I like doing it in the Dustbin! |
25th
October 2006 - 08:26:25 AM
|
78767 : Dner
|
Ox, that was a great
episode! I love the part where he got a nasty infection on his face from
Slater's stool.
|
25th
October 2006 - 08:17:56 AM
|
78766 : aimee
|
Hi Dustin, just
dropped by to say I really enjoyed your stand-up show last week, it was a
great night. Thanks for the free T-Shirt, it was most kind of you ;-)

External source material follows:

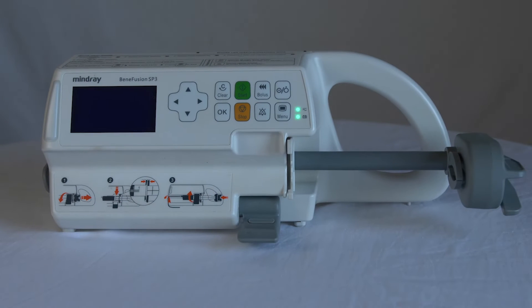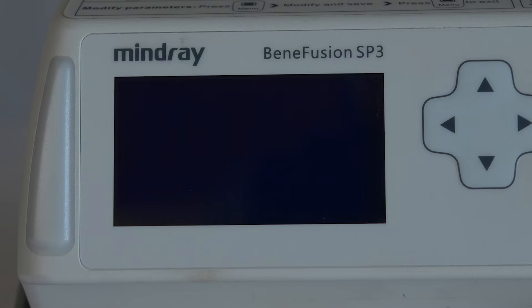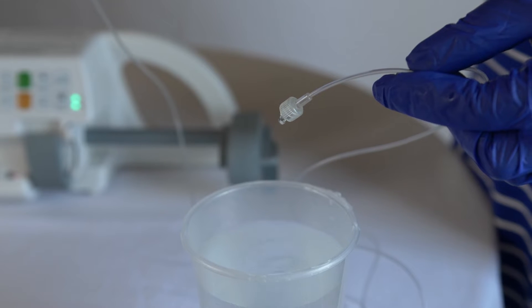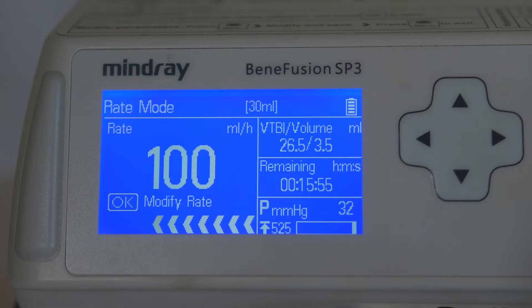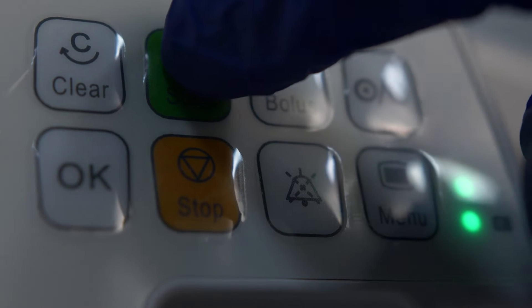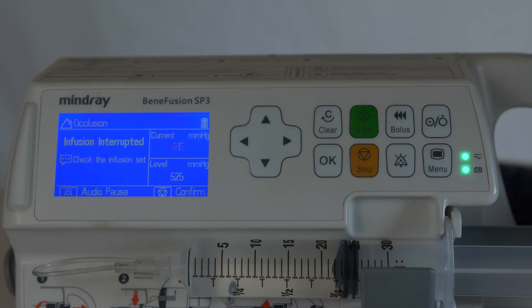In this video, we will demonstrate how to use the Mean Ray Benefusion syringe pump. Syringe pumps can be used to gradually administer fluid to a patient. We will demonstrate how to begin an infusion and respond to an occlusion alarm.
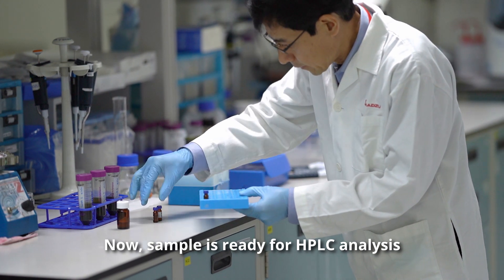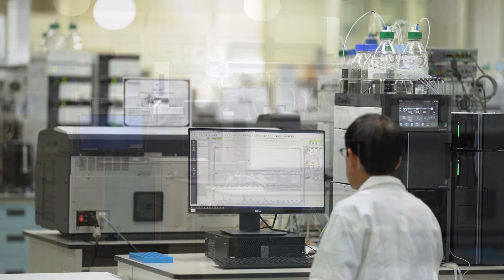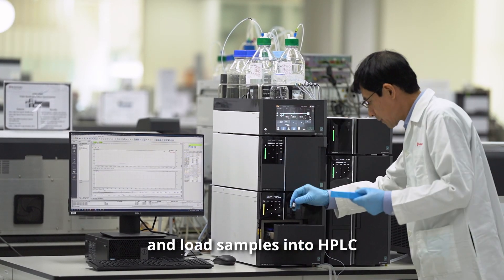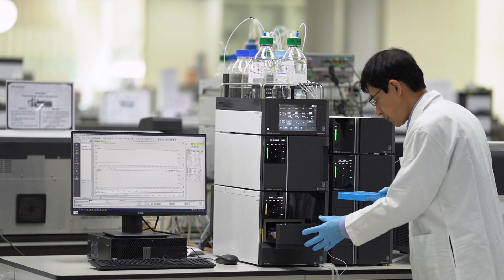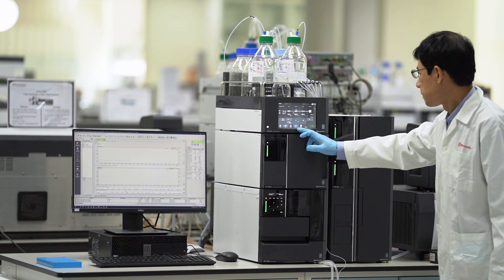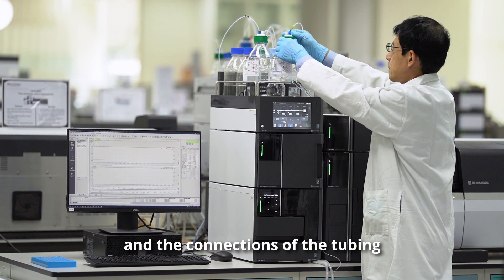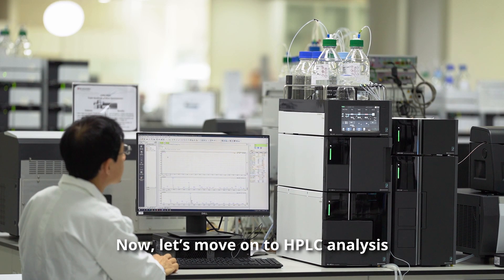Now the sample is ready for HPLC analysis. Open the rack of the auto-sampler and load samples into the HPLC. Check the status of the instrument, the mobile phase, and the connections of the tubings. Now let's move on to HPLC analysis.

Why do you allow all these icky posts in your guestbook? You should really take more care over your official site, it doesn't reflect well on you. Bye 4 now, aimee xxxxxx |
25th
October 2006 - 08:03:07 AM
|
78765 : big nosed
fan
|
Hey Screech! I am a
big fan of SAVED BY THE BELL, whatever happened to that Tiffani girl? I can't
believe they cancelled your show, MIAMI CA. I'm look forward to the next
episode of CITY GUYS where you meet with the actors from CALIFORNIA DREAMS
and beat them in a meaningless wrestling match. I can't wait to hear you yelp
"ZOINKS" every 5 seconds, which is proceeded by the famous 7-minute
WOOOO-track which seems to inflitrate every fucking episode of MIAMI CA that
you are on.
Until the next episode of CALIFORNIA DREAMS! |
25th
October 2006 - 07:33:30 AM
|
78764 : BORAT
|
SCRATCH, You are big
star in my country Kazakstan. I wish to make sex crime with your anus. In my
country, "zoinks" is banned word and was replaced in 1997 farmers
revolution by the word "oinks". I vish to make sex crime with you
and make you say "oinks" when I stick my kudos into you and make
liquid explosion.
You liken the sex crime? |
25th
October 2006 - 01:14:35 AM
|
78763 : Jm J.
Bullock
|
hey SCROTCH, i've
got a present for ya...AIDS!!! why not come suck your present out of my cock
motherfucker!!
|
25th
October 2006 - 01:02:05 AM
|
78762 : Jm J.
Bullock
|
Hey hey hey
screechie, i haven't forgotten about ya! I still wanna give you a nice hefty
dose of the AIDS right up your brownpipe! i hope you like having dudes stamp
on your balls while wearing hiking boots motherfucker!!!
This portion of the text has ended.